Revista de Atención Farmacéutica y Sistemas de Salud

Revista de Atención Farmacéutica y Sistemas de Salud
Acceso abierto

ISSN: 2376-0419

abstracto

The procedure of noisome nanoparticles prepared by microfluidic mixing for siRNA delivery

Mohammad A. Obeid

El ARN de interferencia implica la degradación de un ARN mensajero diana mediante la incorporación de ARN de interferencia cortos (siARN) [1]. El ARN de interferencia (ARNi), la herramienta biológica más popular mediante la cual el ARN de doble cadena (dsARN) provoca el silenciamiento de genes al apuntar al ARNm complementario para su degradación, es una gran innovación en el tratamiento terapéutico universal de las enfermedades y transforma la forma en que los investigadores estudian la función de los genes.
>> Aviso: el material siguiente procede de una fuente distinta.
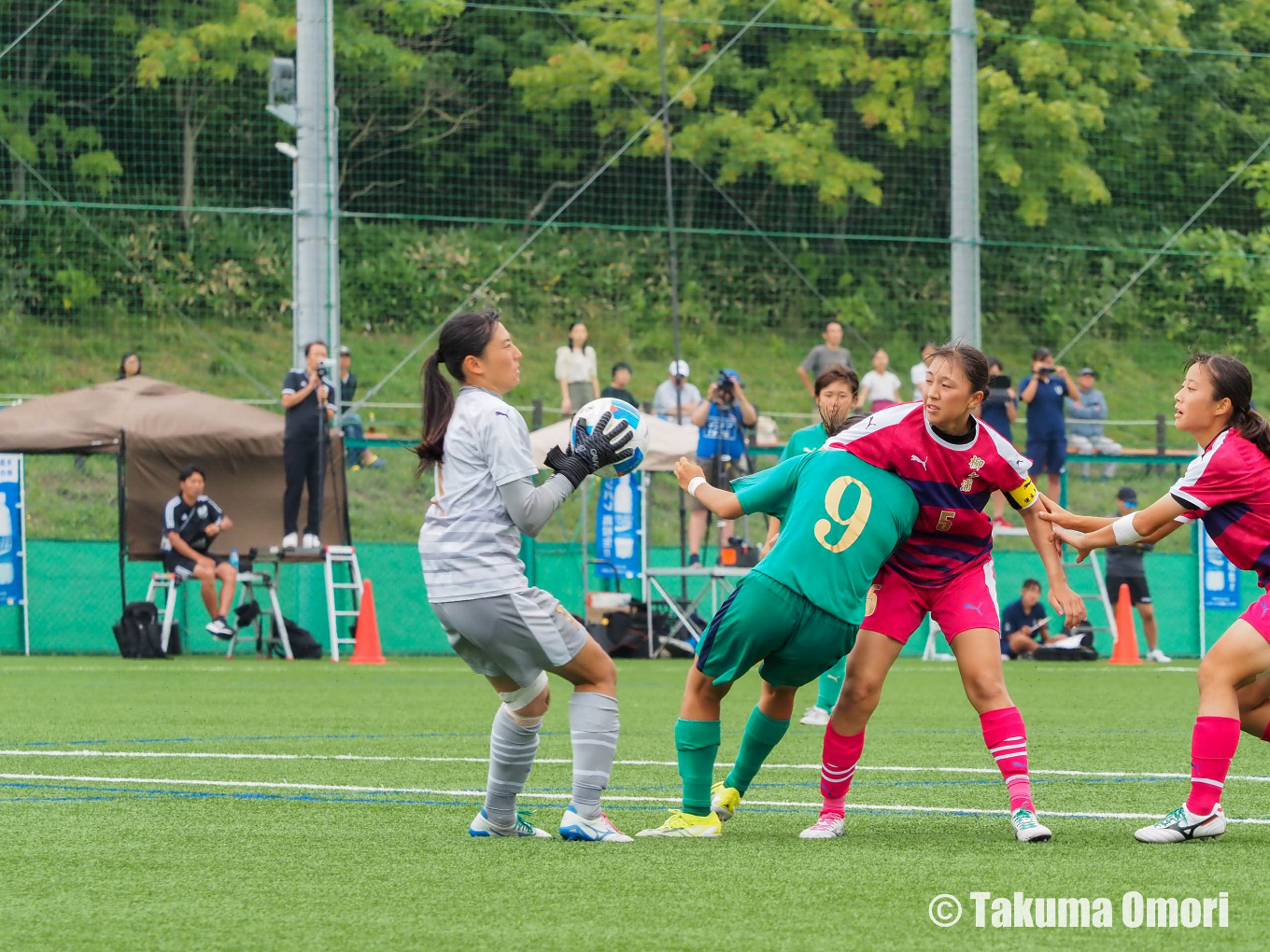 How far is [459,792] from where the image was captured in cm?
695

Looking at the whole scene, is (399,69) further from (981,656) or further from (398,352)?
(981,656)

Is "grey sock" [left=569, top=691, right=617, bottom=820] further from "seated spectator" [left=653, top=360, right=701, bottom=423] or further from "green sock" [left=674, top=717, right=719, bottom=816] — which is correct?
"seated spectator" [left=653, top=360, right=701, bottom=423]

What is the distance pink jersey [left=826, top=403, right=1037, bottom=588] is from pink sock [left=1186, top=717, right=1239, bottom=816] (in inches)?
36.2

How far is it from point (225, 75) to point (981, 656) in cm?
2243

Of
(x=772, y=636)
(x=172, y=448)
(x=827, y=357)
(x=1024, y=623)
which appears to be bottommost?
(x=1024, y=623)

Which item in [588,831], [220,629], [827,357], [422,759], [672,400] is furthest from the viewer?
[672,400]

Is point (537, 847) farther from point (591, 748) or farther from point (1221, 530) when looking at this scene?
point (1221, 530)

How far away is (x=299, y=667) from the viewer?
1567cm

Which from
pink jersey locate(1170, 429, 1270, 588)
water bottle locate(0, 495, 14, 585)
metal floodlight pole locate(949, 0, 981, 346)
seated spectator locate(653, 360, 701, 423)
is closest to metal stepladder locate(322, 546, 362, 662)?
water bottle locate(0, 495, 14, 585)

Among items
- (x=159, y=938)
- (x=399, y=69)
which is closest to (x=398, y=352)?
(x=399, y=69)

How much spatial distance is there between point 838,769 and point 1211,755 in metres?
1.19

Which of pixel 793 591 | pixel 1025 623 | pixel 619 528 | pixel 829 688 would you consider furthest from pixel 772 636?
pixel 1025 623

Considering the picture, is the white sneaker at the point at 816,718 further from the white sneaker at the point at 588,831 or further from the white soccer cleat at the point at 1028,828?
the white sneaker at the point at 588,831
Ampliando la información sobre los componentes subatómicos de la impedancia del ARN endógeno , los siRNA se han desarrollado como medicamentos corrosivos nucleicos imaginativos para el tratamiento de enfermedades mortales, por ejemplo, crecimientos malignos.

Los pequeños ARN de interferencia (ARNsi) se combinan engañosamente con átomos de ARN abandonados dobles de 19 a 23 nucleótidos de largo . Se utilizan de forma rutinaria en la ciencia subatómica para silenciar transitoriamente la calidad de la intriga. Inspiran la reacción de ARNi después de oficial a su transcripción objetiva dependiendo de la complementariedad de la sucesión. Se han utilizado apropiadamente para contemplar el impacto de diferentes lncRNA oncogénicos a través de la pérdida de capacidad.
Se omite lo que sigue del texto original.